DATA UNDER STUDY
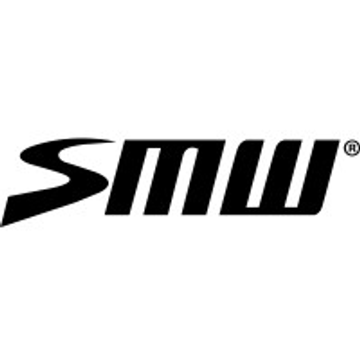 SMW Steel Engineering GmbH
--
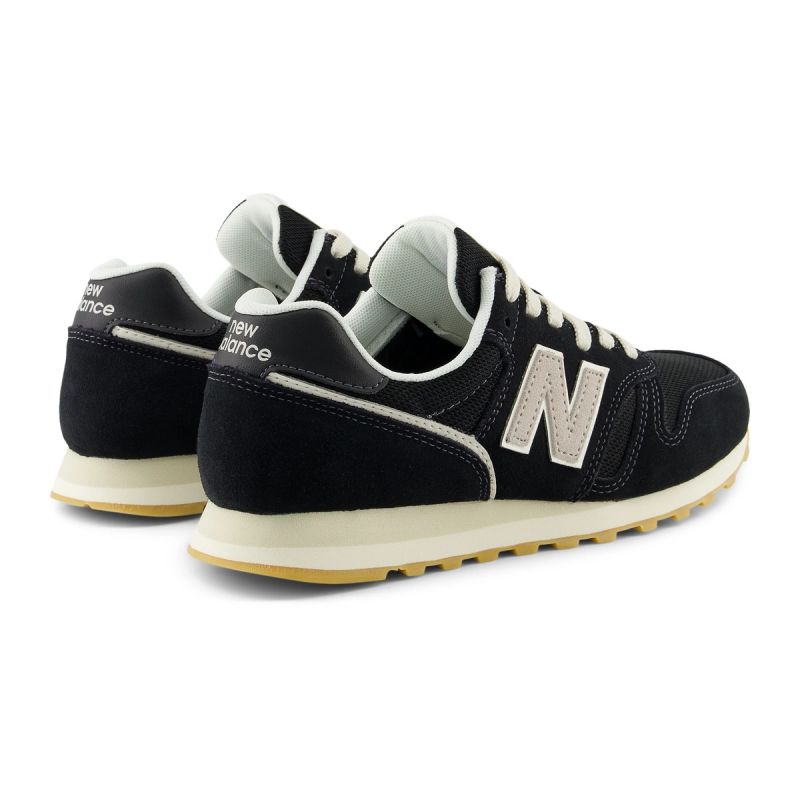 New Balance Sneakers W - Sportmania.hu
---
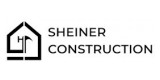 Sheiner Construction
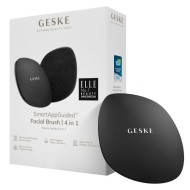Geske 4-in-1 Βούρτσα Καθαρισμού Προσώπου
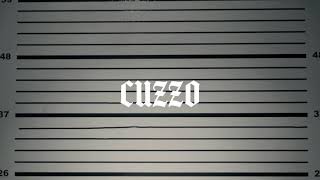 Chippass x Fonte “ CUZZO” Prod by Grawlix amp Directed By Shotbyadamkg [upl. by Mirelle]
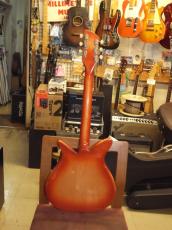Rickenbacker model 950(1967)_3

BRIEF
Only one stretch of the listing above is to be duplicated: the lines from the one containing "Sheiner Construction" through the one containing "Rickenbacker model 950(1967)_3", both included. Copy them exactly, minus the pictures.

ANSWER TO THE EXERCISE
 Sheiner Construction
Geske 4-in-1 Βούρτσα Καθαρισμού Προσώπου
 Chippass x Fonte “ CUZZO” Prod by Grawlix amp Directed By Shotbyadamkg [upl. by Mirelle]
Rickenbacker model 950(1967)_3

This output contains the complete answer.